Derby workers rescue dog after 20-foot fall

? It’s a pretty sure bet that Carl Rose is going to name his new dog “Derby.”

Rose and other Derby city workers — from wastewater treatment employees to firefighters — helped rescue the black lab Thursday from the bottom of a concrete tank about 20 feet deep.

Here’s the story:

Rose, superintendent of the Derby Wastewater Treatment Plant, went to work at about 7 a.m. Thursday. One of his employees, Terry Meek, a wastewater operator, was going out to turn on a pump when he walked by what’s called a clarifier pit used to treat water and noticed “that there was a dog in the bottom.”

The pits usually have water in them, but this one was empty.

Meek called Rose in the office.

“He said, ‘Uh, we have a problem.’ I’m like, ‘Oh boy, what’s going on?’ ” Rose said.

Meek told Rose that there was a dog in the bottom of the clarifier pit.

“What?” Rose asked “Is it dead?”

“No,” Meek answered. “It’s sitting here looking at me.”

Rose rushed out there.

“A couple other people went with me out of sheer curiosity,” Rose said.

Sure enough, there was a dog in the bottom of the hole. He appeared to have broken his leg.

Nobody is sure how he got into the plant, which is fenced off, and into the clarifier, which has rails around it.

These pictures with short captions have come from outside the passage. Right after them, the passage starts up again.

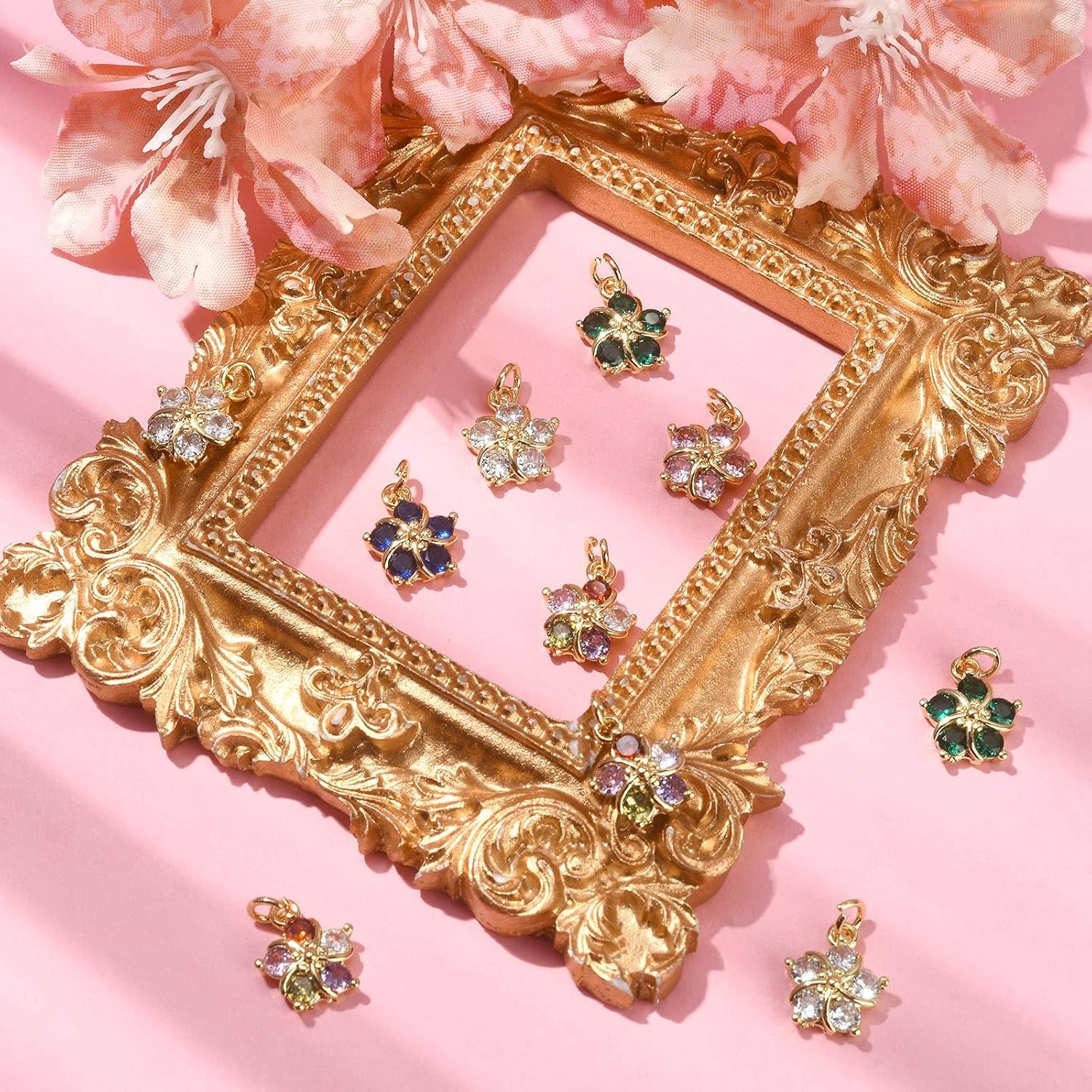 KitBeads Cubic Zirconia Random Flower Charms - Real Gold Plated Floral Petal Crystal Charms for Jewelry Making - Image 6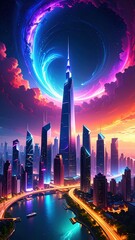 Poster - futuristic skyline with colorful vortex above urban cityscape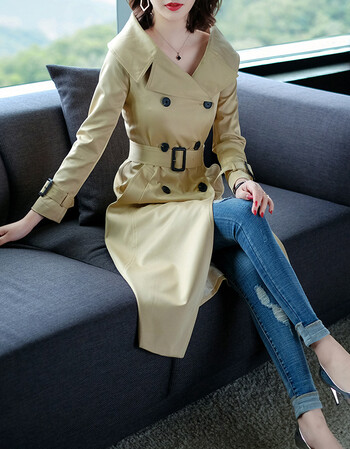 2018秋季新品轻熟气质一字领风衣长款纯色收腰外套 卡其色 xl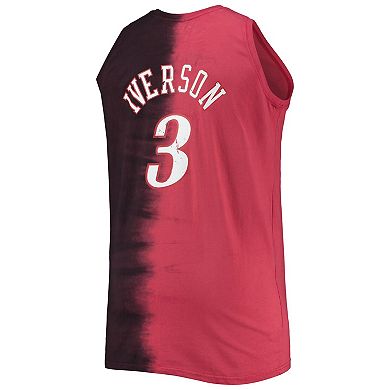 Men's Mitchell & Ness Allen Iverson Red/Black Philadelphia 76ers Big & Tall Profile Tie-Dye Player Tank Top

Probably slipped through a gate, Rose guessed.

“We’re standing there looking at him, and we can tell he’s hurt,” Rose said.

Rose called the fire department, and firefighters showed up.

“I had already set up a ladder,” Rose said. “One of my guys was down in the basin with this dog and trying to calm him down and keep himself from hurting himself any further.”

The dog was scared but calm. He wasn’t wearing a collar or ID tag.

A firefighter, Cody Larson, went down into the clarifier, put the dog over his shoulder and carried him out of the pit up the ladder.

Throughout the ordeal, Rose said, the guys were telling the dog, “It’s going to be all right. We’re going to get you out.”

Then the search was on to find someone to mend the dog’s leg.

The first veterinary clinic workers called said it would be about $1,500 to fix up the dog.

El Paso Animal Clinic in Derby “quoted me about $1,000,” Rose said. “One of my employees’ wives works there. So I called my wife and said ‘We’ve got to do this.’ My wife said, ‘I know, you’re right, we have to do it.’ “

The Roses lost one of their dogs about eight months ago. They also have a Chihuahua.

So the Roses will take him home.

Brad Smith, fire chief for the Derby Fire Department, said firefighters have “had a few occasions where we’ve rescued animals. We had a dog that went through the ice in one of our retention ponds.”

If firefighters have the time, they’ll help, he said. “Obviously if we’re running an emergency call for a human being, that will take precedent,” he said.

Veterinarians have estimated that the shiny black dog is between 6 months and a year old.

The good news for “Derby” — or whatever his name ends up being — is that his leg should heal.

The bad news for him is that after that, he’s scheduled to be neutered.